As illustrated in Fig. 8, one component of modality x_i is usually associated with other elements and their neighbors, and vice versa. Therefore, transforming such a matrix into a vector will compromise these inherent spatial features. A convolutional kernel is an effective approach for extracting spatial features. Additionally, the co-occurrence matrix is a relatively large sparse matrix; only a small fraction of its elements are non-zero, and the dense areas in such a matrix may have various geometrical shapes. However, traditional CNN modules sample the input feature map at fixed locations; such approaches have difficulty handling these geometric variations.

Therefore, we introduce a deformable convolutional kernel [7, 62] in our interaction mechanism. Such a kernel is suitable for accommodating the sparsity and geometric variability of the co-occurrence matrix. Here, an autoencoder with a deformable convolutional kernel is used to reconstruct the co-occurrence matrix. The reconstruction loss is defined as follows:

$$ \begin{array}{ll} &LD_{l} = \mathbb{E}(\boldsymbol{C}_{l}-\boldsymbol{\hat{C}}_{l})^{2},\\ &LD = \sum\limits_{l=1}^{n(n-1)/2}LD_{l}, \end{array} $$

(13)

where $\boldsymbol {\hat {C}}_{l}$ is the reconstructed result obtained from the l-th gate and interaction block. Because the dimensionality of the hidden layer is lower than the dimensionality of the visual layer, the sparse co-occurrence matrix is compressed into a dense vector.

Classification Loss

The l-th set of compressed co-occurrence information is further fed into a classifier.
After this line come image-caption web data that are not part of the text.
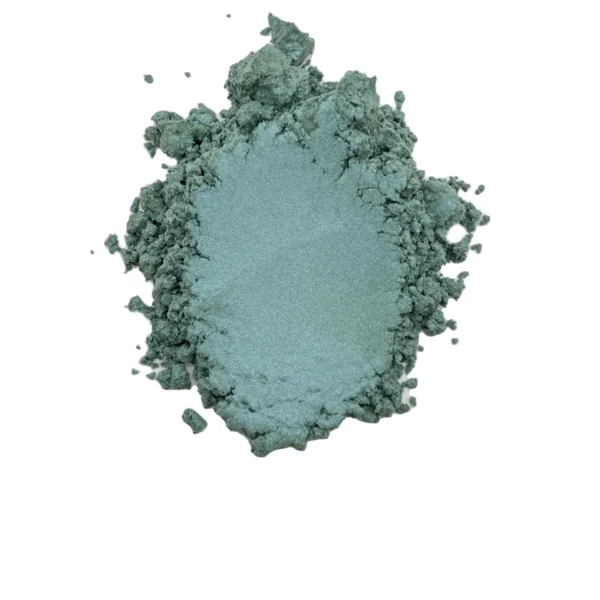 Shadow Green Pearl Pigment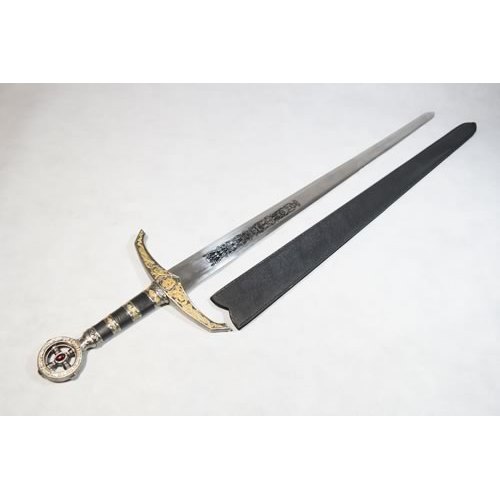 Robin Hood Prince Of Thieves Replica Sword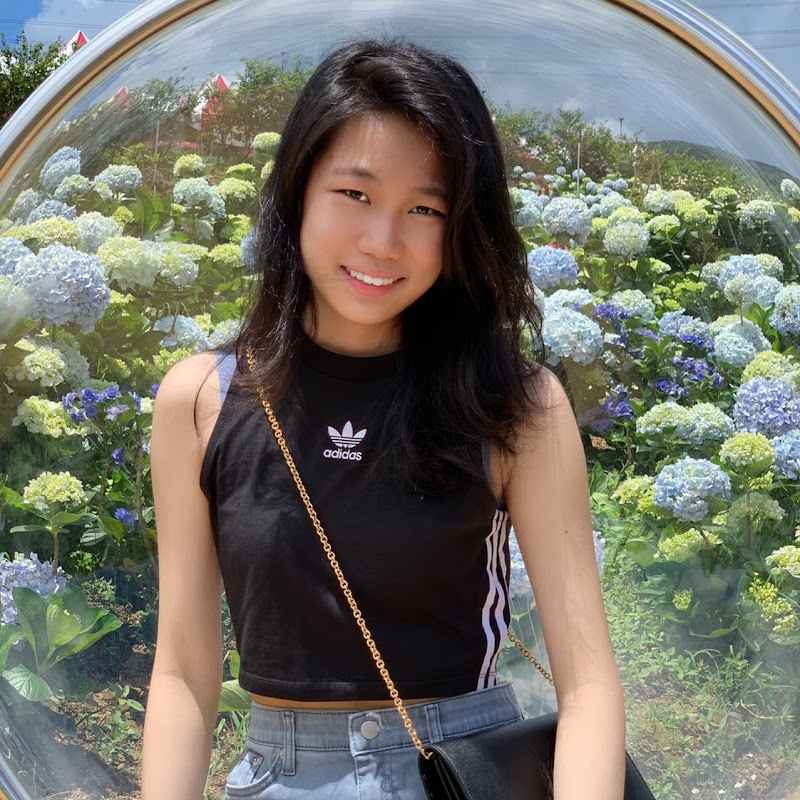 Vanny Lu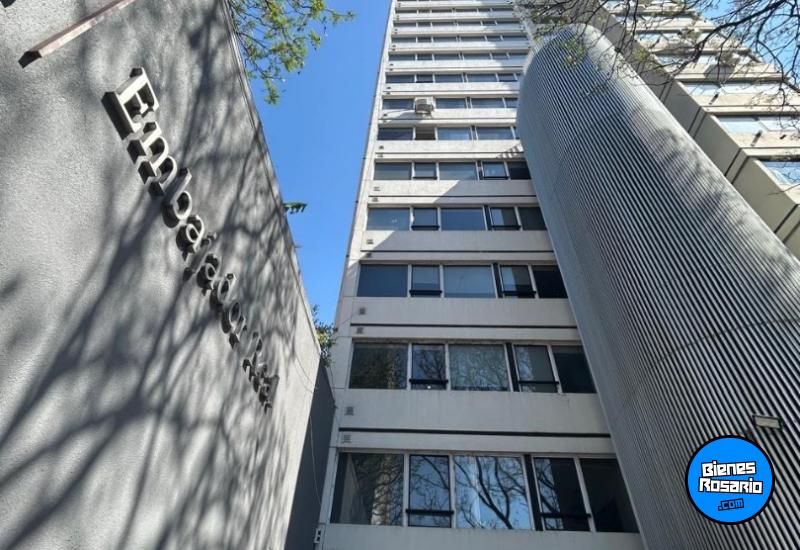 Departamentos - Rosario - Venta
We define the following cross-entropy-based binary classification loss for the gated fusion network:

$$ \begin{array}{ll} &LC_{l} = \mathbb{E}{[y\log{(\hat{y})}+(1-y)\log{(1-\hat{y})}]},\\ &LC = \sum\limits_{l=1}^{n(n-1)/2}\beta_{l}LC_{l}, \end{array} $$

(14)

where y is the true label, $\hat {y}$ is the predicted probability, and β_l is a parameter that controls the importance of the l-th classifier.

Overall Loss

We must simultaneously minimize four loss functions, namely, LE, LT, and LD, and LC:

$$ LG = LE + LT + LD + LC. $$

(15)

The gradient of LG is backpropagated to train the initial feature compression, the gate mechanism, the interaction mechanism, the co-occurrence matrix compression, and the classifier.
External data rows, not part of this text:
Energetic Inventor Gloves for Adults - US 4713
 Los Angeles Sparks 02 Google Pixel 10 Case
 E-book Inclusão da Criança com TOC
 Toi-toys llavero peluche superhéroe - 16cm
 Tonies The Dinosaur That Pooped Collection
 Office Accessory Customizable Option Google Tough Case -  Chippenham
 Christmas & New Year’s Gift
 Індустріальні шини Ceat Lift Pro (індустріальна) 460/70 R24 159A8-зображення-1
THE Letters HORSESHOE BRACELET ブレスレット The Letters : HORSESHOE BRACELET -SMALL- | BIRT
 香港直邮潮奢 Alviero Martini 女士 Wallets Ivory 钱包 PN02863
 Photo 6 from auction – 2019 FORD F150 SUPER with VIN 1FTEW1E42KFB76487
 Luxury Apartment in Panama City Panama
3.2.3 Decision fusion network

The decision fusion network aggregates the n + 1 decisions from the various sub-networks. The loss function of the decision fusion network is defined as follows:

$$ LDF = \mathbb{E}{[y\log{(\hat{y})}+(1-y)\log{(1-\hat{y})}]}, $$

(16)

where y is the true label and $\hat {y}$ is the predicted probability.

To evaluate the total loss of the DMHFN, we define the following total loss function:

$$ L_{mhfn} = \gamma_{1}{LU} + \gamma_{2}{LG} + \gamma_{3}{LDF}. $$

(17)

In Eq. (17), L_mhfn is the total loss of the DMHFN, LU is the loss of the unimodal classifiers calculated in Eq. (6), LG is the loss of the gated fusion network calculated in Eq. (15), LDF is the loss of the decision fusion network calculated in Eq. (16), and $\gamma _{1}\sim \gamma _{3}$ are parameters that control the importance of each loss function.

4 Experimental evaluation

This section presents a series of experiments conducted to gauge the effectiveness of the proposed deep multimodal generative and fusion framework. In particular, this evaluation targets the framework’s internal functions for processing imbalanced multimodal data.
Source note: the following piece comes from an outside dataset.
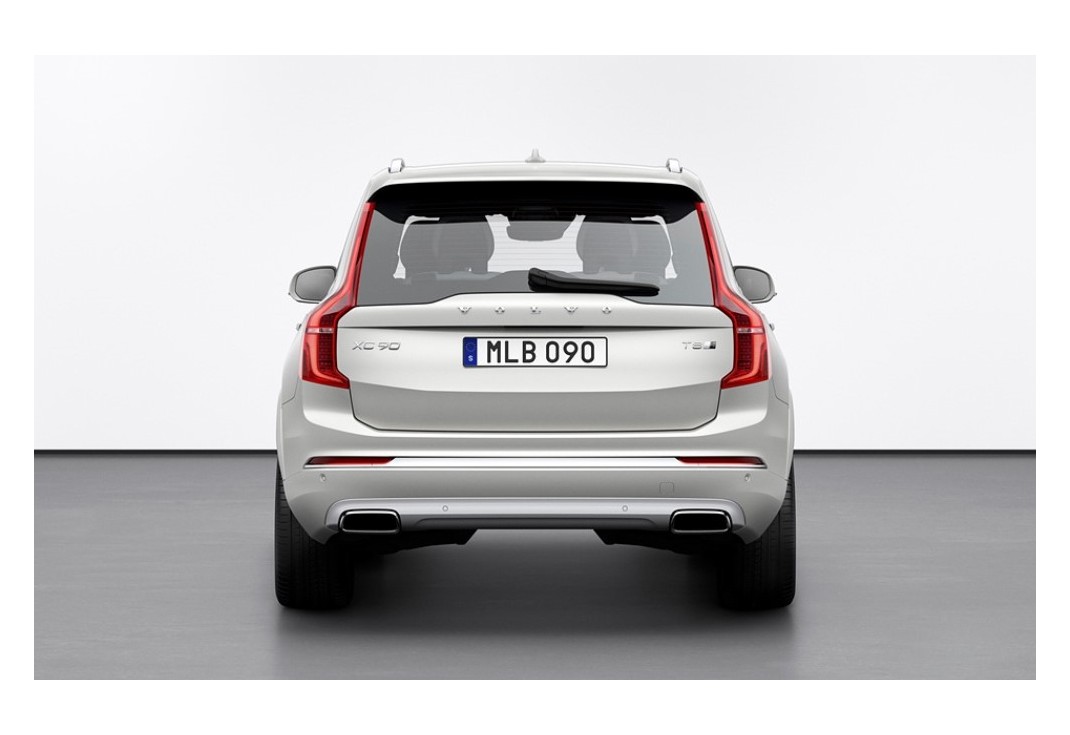 VOLVO XC90 이미지 6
The standard accuracy metric is applied to evaluate the model performance [34]. However, due to the class imbalance in the multimodal data, this accuracy metric alone is unable to provide a comprehensive evaluation of model performance. Consequently, we also adopt additional assessment metrics, such as specificity (precision), sensitivity (recall), and F1, to evaluate the model performance [19].

The experimental platform is a Linux server with 80 CPU cores (Intel(R) Xeon(R) CPU E5-2698 v4 @ 2.20GHz), 500 GB of RAM, and 4 GPUs (NVIDIA Tesla M10).

4.1 Data

The task of recognizing faculty homepages is a typical binary classification problem involving multimodal features, namely, text, image, and HTML layout features, all of which are related in a complicated fashion. In addition, recognizing faculty webpages is also a class-imbalanced problem, as the total number of samples belonging to the minority class (faculty homepages) is far smaller than the total number of samples belonging to the majority class (non-faculty webpages).

In this study, we use a faculty homepage dataset to evaluate the performance of our proposed framework. This dataset includes 39,715 samples collected by [60] from several universities in the United States. The dataset is divided into four subsets to evaluate the system performance for various levels of data imbalance, as described in Table 3. In addition, our source code can be accessed at GitHub^{Footnote 1}.

Table 3 Four data subsets with different levels of class imbalance

Full size table

The text, image, and layout features of a webpage are described in detail below.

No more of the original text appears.